If there is a mortgage on the property, the lender will almost always stipulate that buildings insurance must be taken out.
It’s important to remember that landlords must comply with their legal responsibilities or their insurance may be deemed invalid in the event of a claim.
Do I need commercial property insurance?
It’s not compulsory, but yes, you ought to have commercial property insurance to protect the investment you have made.
If you’re renting the property to a business, you are handing over the day-to-day responsibility of your building to a third party, which increases the risk of something outside of your control going wrong.
What is covered under commercial property insurance?
Commercial property insurance cover can vary between insurers, but the standard cover usually includes the following sections.
Commercial buildings insurance
Covers the costs of repairing/rebuilding the building due to a sudden, identifiable incident such as fire, lightning, earthquake, explosion, aircraft, storm, and subsidence.
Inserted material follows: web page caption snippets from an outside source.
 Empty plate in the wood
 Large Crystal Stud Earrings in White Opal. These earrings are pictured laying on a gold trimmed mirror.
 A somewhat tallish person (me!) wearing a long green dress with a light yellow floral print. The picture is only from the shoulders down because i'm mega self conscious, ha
Property owners’ liability
Covers your liability as a property owner for property damage, injury or damage caused to a third party or their property.
For example, if a visitor to your property trips on a poorly maintained pathway and is injured, then you may be liable if the terms of the lease make you responsible for keeping the property in good repair.
Similarly, if a loose tile falls from the roof and damages a visitor’s car, you may be liable to pay compensation.
Do my tenants have to buy contents insurance?
It’s not compulsory, but tenants are responsible for their own contents and will need their own insurance if they want it to be protected. They cannot rely on the landlord to insure their belongings as the landlord does not have an insurable interest in them.
What additional cover is available under commercial landlord insurance?
It’s important to remember that every policy is different, what one insurer offers as standard could be an optional extra with a different insurer. Utilising the experience of an independent insurance broker will help to ensure you get the right cover for your property.
Common extensions to commercial property insurance policies include:
- Malicious damage by tenants – covers the costs of repairing damage deliberately inflicted on your property by your tenants;
- Legal expenses cover – protection in the event of a legal dispute with your tenant, including a dispute over maintenance of your property, repossessing your property, and recovering outstanding rent;
- Business interruption – covers your loss of rental income if your property becomes uninhabitable following an insured event and the cost of alternative accommodation for the tenants;
- Accidental damage – covers damage to your building caused by accident and not a standard peril like fire, storm etc.
- Terrorism cover – insures you against damage caused by a terrorist attack. This may be requested by your mortgage provider.
- Employers’ liability insurance – legally required if you employ anyone in relation to the building, for example to maintain the property.
- Landlord’s contents – covers everything in the property owned by the landlord that doesn’t form part of the building. You will need contents insurance if you rent out a property that is well-equipped with your own fixtures and fittings.
How much commercial property insurance do I need?
The level of cover you need depends on several factors. We’ve highlighted the most common areas in this section.
Commercial building insurance: rebuild costs
You need to insure your building for the full cost of rebuilding it should it be totally destroyed.
If you insure it for less than its true rebuild cost, you would be liable to suffer the consequences of underinsurance – the ‘condition of average clause’.
Under this clause, insurers can reduce the amount they pay out by the same percentage that you’re underinsured. For example, if you insure a building that costs £300,000 to rebuild for £150,000, and then claim for £50,000 of damages, your insurer could only pay out £25,000 as you’re underinsured by 50%.
The Royal Institute of Chartered Surveyors has an online rebuild calculator tool to help you calculate the rebuild cost.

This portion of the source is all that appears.